Si
descartamos ese aire de derrota que trae el
dicho “al que nació para tamal
le llueven las hojas”, queda en él
con exactitud la obligada relación
del tamal y su hoja. No cualquier hoja tiene
que ser la de achira. Véanse los domingos
de todo el año en las ferias esas enormes
pailas cubiertas con manteles grises. En ellas
reposan los tamales. Signo del estado comestible
de los bollos es la hoja de achira de color
verde muy oscuro. Parece inútil esta
prueba cuando se piensa que la masa de maíz
se cocinó previamente con agua y manteca.
En la Sierra norte se añade a la masa,
miel de raspadura. La gente utiliza la palabra
“lampreado” para designar ese
sabor. Rellenan los tamales con cuero de cerdo.

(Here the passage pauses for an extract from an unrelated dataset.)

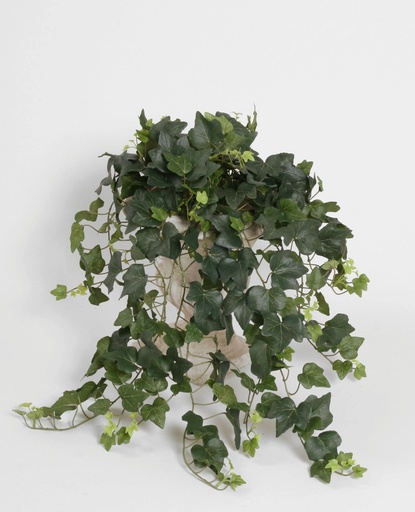 Ivy Green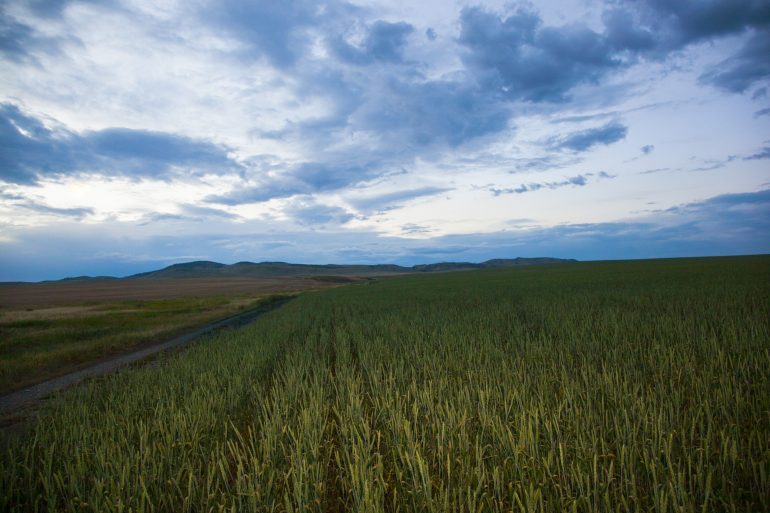 Exploring Big Sky Country: La Brea Bakery in Montana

El famoso tamal lojano, en cambio, es de masa
de mote, solo lleva sal y su relleno es de
carne guisada de gallina.
En ciertos pueblos de altura los tamales son
parte de la comida de la noche vieja. No los
hacen en casa. Se los busca en lugares que
se abren al público solo en esta fecha.
La gente pone el ojo y por supuesto el paladar
en los tamales preparados por alguna señora
entrada en años y hace la costumbre.
Pero la hoja de achira es insustituible en
la confección de los quimbolitos. También
esta golosina salió de la casa a la
calle. Al margen de las carreteras que salen
de Quito con dirección a todas partes
se ven puestos ambulantes, automóviles
y camionetas convertidos en negocios esporádicos
de quimbolitos. Los anuncian con grandes letreros
enigmáticos para los extranjeros, los
que en la primera oportunidad preguntan qué
son los quimbolitos. La fórmula de
esta golosina partió de la onza: onza
de harina de maíz calentado, cernida
en fino cedazo; onza de azúcar, onza
de mantequilla, onza de queso sin sal, un
huevo por onza, pasas y esencia de vainilla.
Estos deliciosos quimbolitos no se levantan
tanto como aquellos que se venden y son muy
esponjados porque les echan polvo de hornear;
los hacen muy grandes y su masa se torna carrasposa…
En Patate, provincia de Tungurahua, se elaboran
arepas de harina de maíz, batida con
miel y huevos. La masa se envuelve con hoja
de achira y se hornea. La gente que por allí
pasa no deja de probar estas arepas. Los niños,
acostumbrados a los cereales de colores, no
las aprecian. Menos mal que esos niños,
poco a poco, irán distinguiendo sabores
y texturas, es decir, se irán convirtiendo
en adultos diestros en probar sabores, aunque
poco certeros en aquello de elegir presidente.
La achira que nos brinda sus hojas es una
planta de la familia de las cannáceas.
Se sabe que los habitantes nativos consumían
sus raíces cocidas. Hasta no hace poco
en las ferias de Pelileo, Quero, Cevallos,
Tisaleo, Mocha, Píllaro, se encontraban
grandes canastas con achiras cocidas administradas
por vendedoras campesinas. Otra cosa es la
fécula de achira. Ochenta años
atrás servía para almidonar
camisas de hombre, sábanas y manteles.
Cuando sobraba la fécula se preparaba
con ella “sagú”, esta palabra
vino de Malasia vía Acapulco. Sagú
no era más que una colada de almidón
de achira con leche adecuada para niños
enfermos, jóvenes anoréxicas
y personas que han sobrepasado los ochenta
años de edad.
Con almidón de achira se hacen los
bizcochuelos de San Pedro de la Bendita en
la provincia de Loja. Con hojas de achira
se hicieron las tabletas de chocolate en Huachi,
parroquia de Ambato. En hojas de achira se
vende el mote y la fritada, pues sí,
es impensable comprar fritada en cajas de
cartón, o de espuma flex, o de algo
que resultare pernicioso para la salud.